No habla con nadie, se busca un rincón y escribe. De pie
como Fernando Pessoa, o en cuclillas como un faquir. Me han dado más de una vez, ganas de mirar por encima por ver si pillo
alguna frase, por si estuviera haciendo
una crónica brutal sobre lo que ven sus ojos cada día y sobre lo que se siente
cada noche en esa soledad tan grande, tan completa. Podría haberlo hecho porque no está muy atento a los transeúntes, ensimismado en su rapto literario, pero siempre pienso que mejor no, que es
posible que lo único que contengan esos papeles sean balbuceos o, peor; poesías
rimadas, o aún peor; que como en la película aquella de Stanley
Kubrick, en la que el actor Jack Nicholson interpretaba a un escritor grillado
que se había ido a pasar el invierno a un hotel desierto de la nieve y que le
decía a la parienta que necesitaba paz para escribir, y la parienta se
tranquilizaba mucho, porque ya sabía ella que su marido estaba como una cabra y
que su hijito tampoco andaba muy fino, se tranquilaba digo, la parienta escuchando cada noche el sonido de
las teclas de la máquina de escribir. Mira, pensaría, si está liado con su obra
maestra todavía hay esperanza, pero un día se asoma la parienta a los cientos
de folios que había sobre la mesa de trabajo del baranda y sólo encuentra
repetida de manera terrorífica, casi como en las novelas de Thomas Bernhard, una frase, siempre la
misma, idéntica y única frase.
Pues eso, que prefiere uno dejarlo en paz a este hombre y
respetarlo, como hace él con todo el mundo. Porque, otra singularidad suya,
jamás habla con nadie ni pide nada a
nadie.
Una vez lo llamó una
señora muy pía, que viéndolo cargado con esos bártulos sobre la espalda, debió de
compadecerse del muchacho, como si viera en él al mismísimo Jesús en su vía
crucis. Le ofreció unas monedas y algo de comida, unas frutas que llevaba en la
cesta de la compra. Nuestro amigo estaba bastante sorprendido, pero aceptó el
regalo y escribo regalo porque así fue como lo aceptó, no como una limosna. Dio
las gracias y siguió su camino. Fue la primera vez que le vi la cara, con
churretes y todo eso, claro, pero enseguida me cayó bien.

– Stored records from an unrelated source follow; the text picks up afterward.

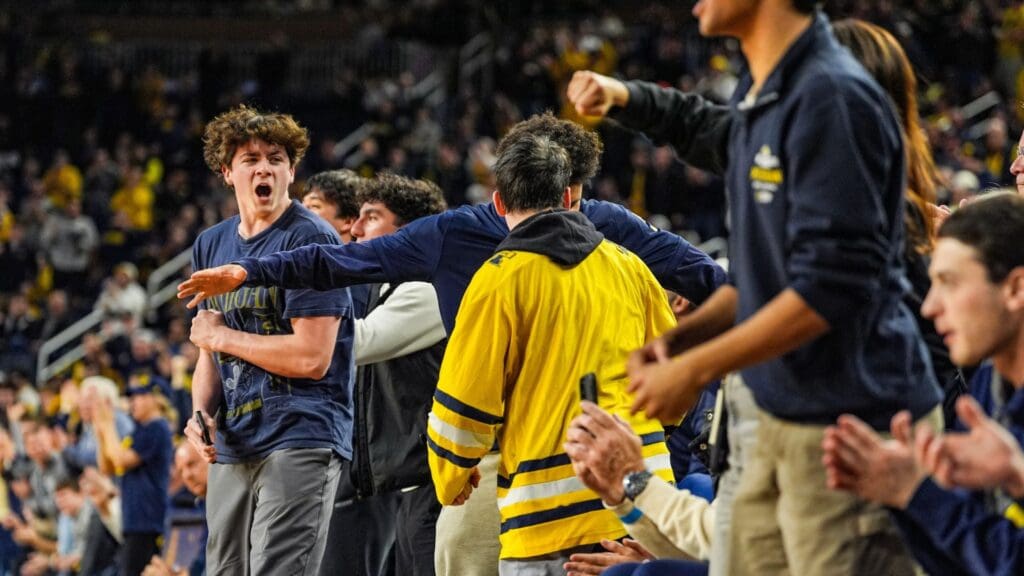 Michigan Wolverines fans celebrate the Wolverines' late push to tie up the game during the second half at Crisler Center in Ann Arbor on Thursday, Feb. 27, 2025.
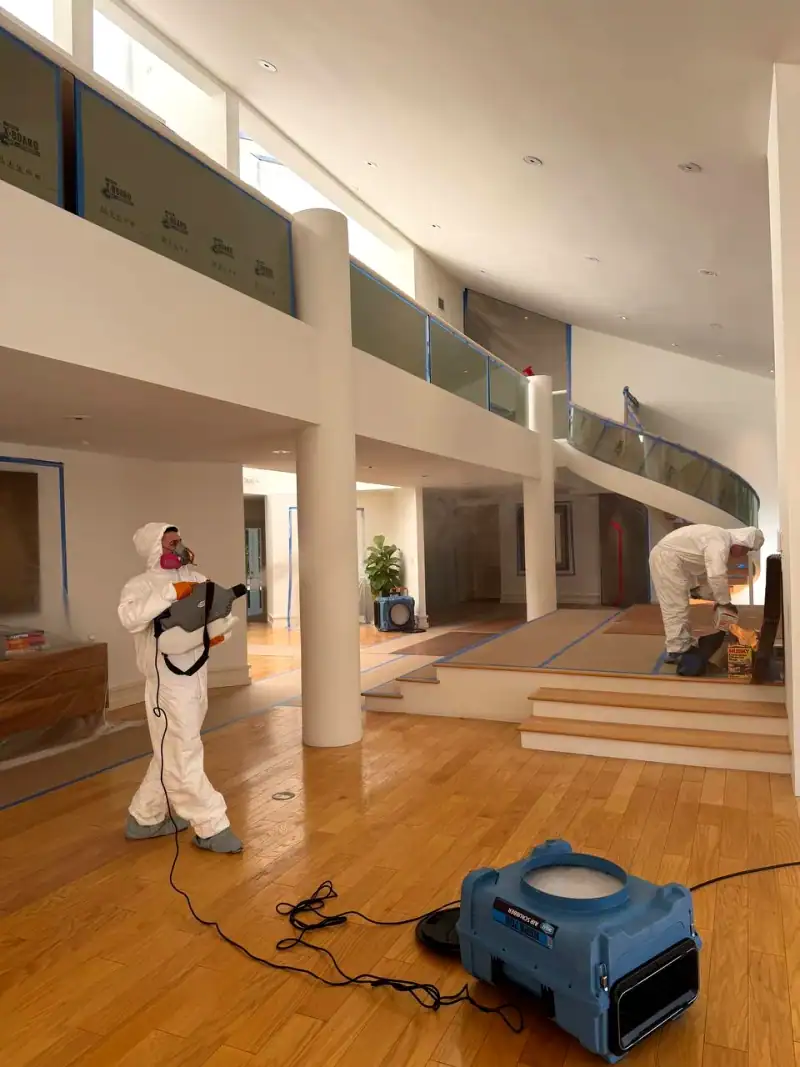 24/7 Service Pros technician inspecting water damage during a restoration job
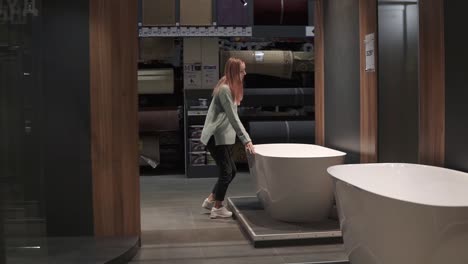 Woman-Chooses-A-New-Bath-In-An-Interior-Design-Store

Antes de irse, me hizo una seña, como diciendo tú también
vas a colaborar en algo o qué, encogí un poco los hombros y no diría yo que nos
saludáramos, pero al menos nos reconocimos.

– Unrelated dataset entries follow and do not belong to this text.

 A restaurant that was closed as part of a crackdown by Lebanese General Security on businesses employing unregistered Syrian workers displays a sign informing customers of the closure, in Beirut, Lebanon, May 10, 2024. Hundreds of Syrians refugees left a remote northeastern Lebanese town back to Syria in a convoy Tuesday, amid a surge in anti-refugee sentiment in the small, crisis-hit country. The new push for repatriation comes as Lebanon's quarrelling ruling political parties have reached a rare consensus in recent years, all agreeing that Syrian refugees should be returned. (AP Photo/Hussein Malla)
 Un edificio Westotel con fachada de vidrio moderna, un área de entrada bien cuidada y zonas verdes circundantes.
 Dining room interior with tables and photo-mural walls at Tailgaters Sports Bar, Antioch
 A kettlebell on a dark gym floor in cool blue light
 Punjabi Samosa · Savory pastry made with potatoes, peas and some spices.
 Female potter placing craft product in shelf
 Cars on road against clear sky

Le ofrecí un cigarro y se le iluminó el rostro. Se dio la
circunstancia de que ese día, creyendo yo que me había olvidado el paquete de tabaco en casa, había comprado
otro. Después, apareció el primer
paquete en uno de los bolsillos interiores de la chaqueta. Así, que como tenía
dos paquetes, le di al amigo uno de ellos, contento por ser yo también un tío
desprendido y apañado; toma ahí tienes para echar unos cuantos. Pero me los
rechazó; no, dijo, sólo fumo un par de cigarros al día. Y me quedé con el
paquete en la mano, así ofertándolo como los gitanos en las ferias.
Le iba a decir que vale, que echará solamente dos cigarritos
pero que con los veinte que traía el paquete ya tenía para más de una semana.
Me contuve porque me di cuenta que
pedirle ese tipo de previsiones a alguien que vive en la calle y que todo lo
que posee lo carga cada mañana sobre sus espaldas era una gilipollez y yo mismo
un gilipollas por hacer esos cálculos.
Mañana, si hay tabaco fumará y si no lo hay pues nada, a
joderse. No se va uno a los márgenes de la sociedad para contar los cigarros y
los días.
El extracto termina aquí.